Interesting topic. Soundproofing controls ambient noise. Room treatment alone may not entirely accomplish that as in there are trade-offs. Highly absorbent rooms kill reverberant sound fields too and start to sound unnatural. If they don't they won't make any meaningful difference to ambient noise unless of course the room itself it soundproofed.

 

[Kannan]

Interesting topic. Soundproofing controls ambient noise. Room treatment alone may not entirely accomplish that as in there are trade-offs. Highly absorbent rooms kill reverberant sound fields too and start to sound unnatural. If they don't they won't make any meaningful difference to ambient noise unless of course the room itself it soundproofed.

Yes .. treatment for HT and 2-channel audio needs a different approach. I have seen many high end showrooms now having dedicated home theater auditions where they also demo stereo.

 

[Vineethkumar01]

To play the devil's advocate, here is a summary of research done by Earl Geddes, which says non-linear distortion in loudspeakers is imperceptible if it is reasonably low enough and that there is not much point in going for arbitrarily low distortion levels (in loudspeakers)
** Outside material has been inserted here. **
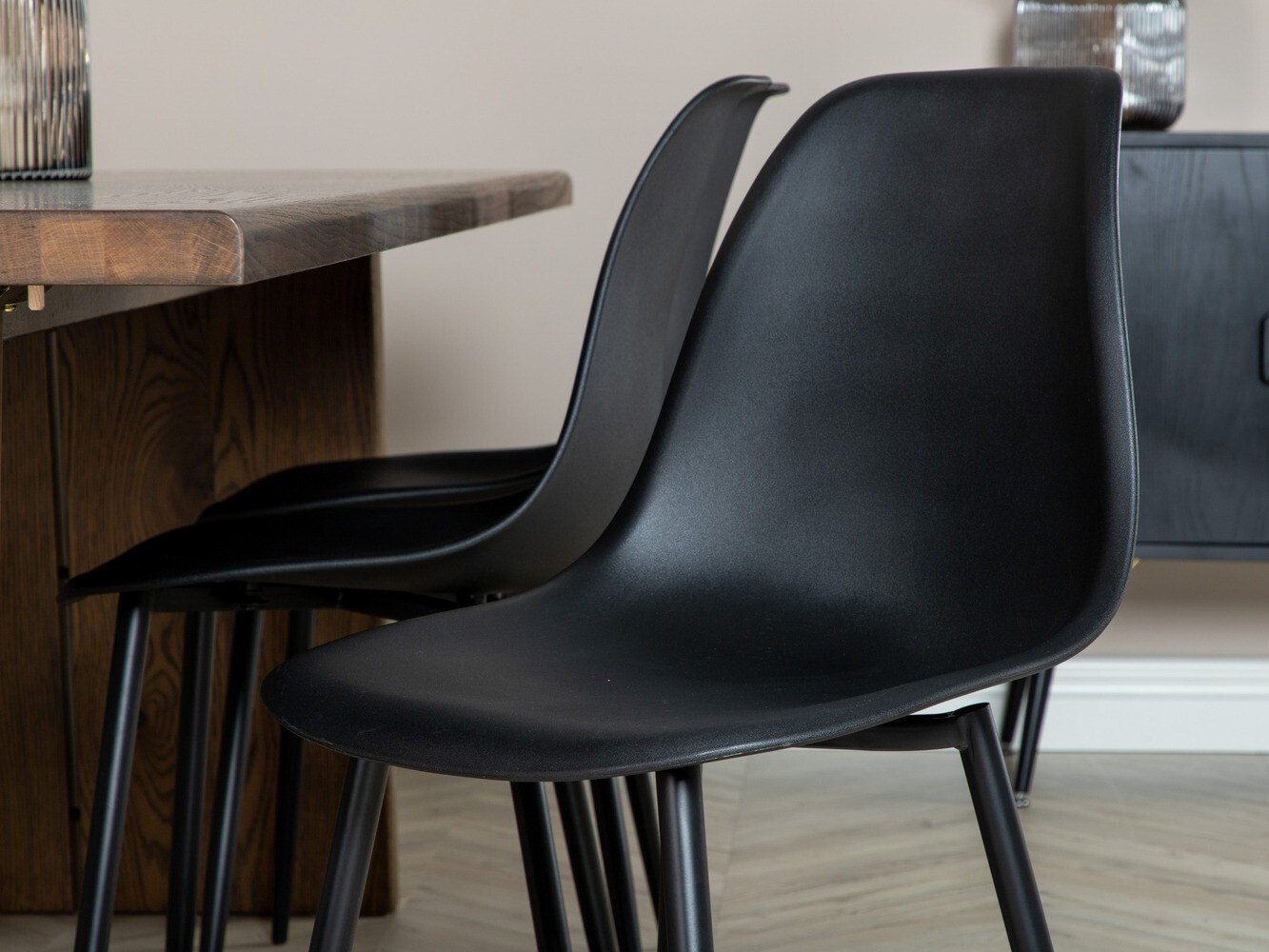 Маса и столове за трапезария Dallas 1842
http://www.gedlee.com/Papers/The%20Perception%20of%20Distortion.pdf

He has done a lot more research in this area and has come up with a metric that correlates well with perceptible distortion, unlike THD, which has a very low correlation. All those papers can be obtained from his website.
He also says that linear distortion, especially when accompanied by early delay times, is highly audible and that audibility is level dependent.. i.e., such distortions are more easily perceived at higher playback levels than lower playback levels. The most commonly found linear distortion of this category is diffraction effects caused by improper design of loudspeakers.
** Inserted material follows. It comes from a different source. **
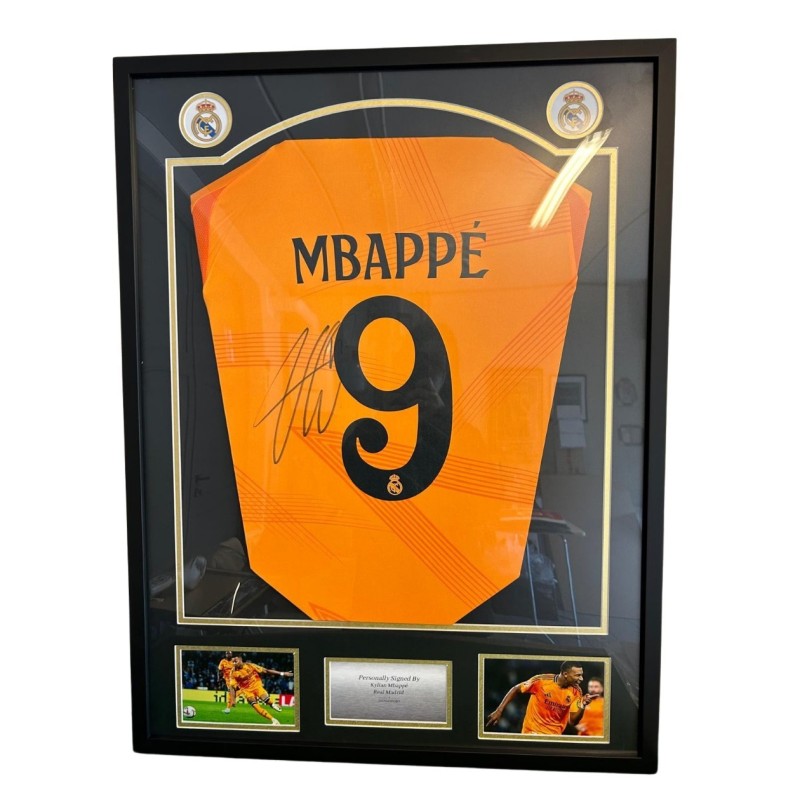 Maglia Mbappe Real Madrid, 2024/25 - Autografata e Incorniciata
On the other hand there are companies like Purifi which have identified some forms of audible distortion and as per them, have taken adequate steps to minimize it in their drivers. Relevant resources
1) https://purifi-audio.com/2019/05/02/distortion-the-sound-that-dare-not-speak-its-name/
2) https://purifi-audio.com/2019/12/12/imd/
3) https://purifi-audio.com/2019/12/07/amfm/
4) https://purifi-audio.com/2020/04/28/dist/

 

[siddharthdas]

To play the devil's advocate, here is a summary of research done by Earl Geddes, which says non-linear distortion in loudspeakers is imperceptible if it is reasonably low enough and that there is not much point in going for arbitrarily low distortion levels (in loudspeakers)

http://www.gedlee.com/Papers/The%20Perception%20of%20Distortion.pdf

He has done a lot more research in this area and has come up with a metric that correlates well with perceptible distortion, unlike THD, which has a very low correlation. All those papers can be obtained from his website.
He also says that linear distortion, especially when accompanied by early delay times, is highly audible and that audibility is level dependent.. i.e., such distortions are more easily perceived at higher playback levels than lower playback levels. The most commonly found linear distortion of this category is diffraction effects caused by improper design of loudspeakers.
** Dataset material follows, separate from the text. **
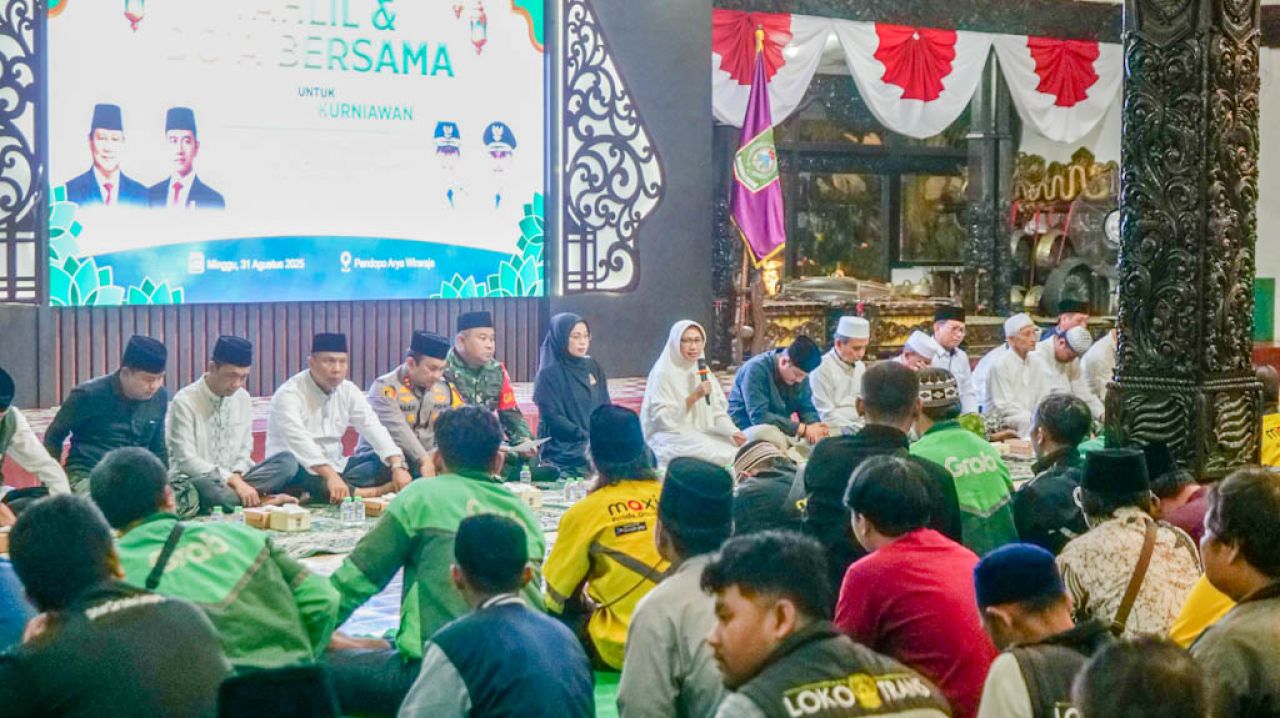 Pendopo Arya Wiraraja Jadi Saksi Doa Bersama untuk Affan Kurniawan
On the other hand there are companies like Purifi which have identified some forms of audible distortion and as per them, have taken adequate steps to minimize it in their drivers. Relevant resources
1) https://purifi-audio.com/2019/05/02/distortion-the-sound-that-dare-not-speak-its-name/
2) https://purifi-audio.com/2019/12/12/imd/
3) https://purifi-audio.com/2019/12/07/amfm/
4) https://purifi-audio.com/2020/04/28/dist/

So Linkwitz has a detailed page on linear distortion. Very informative plus times of data - https://www.linkwitzlab.com/diffraction.htm
Appears to draw the exact opposite conclusion of earl geddes. The only thing we can do I guess is experiment and trust our own judgement.

Have been tracking purifi for a while now - their drivers can potentially solve a lot of design problems in the entire midrange to upper bass region. (Unrelated- does anyone have any experience with them?). Although have to confess i didn’t quite understand their write ups. Didn’t quite understand how they solve the problem of IM distortion from simultaneous reproduction of sound at two ends of the spectrum by the same driver. Also given their super large magnets, I wonder about their suitability for open baffle applications.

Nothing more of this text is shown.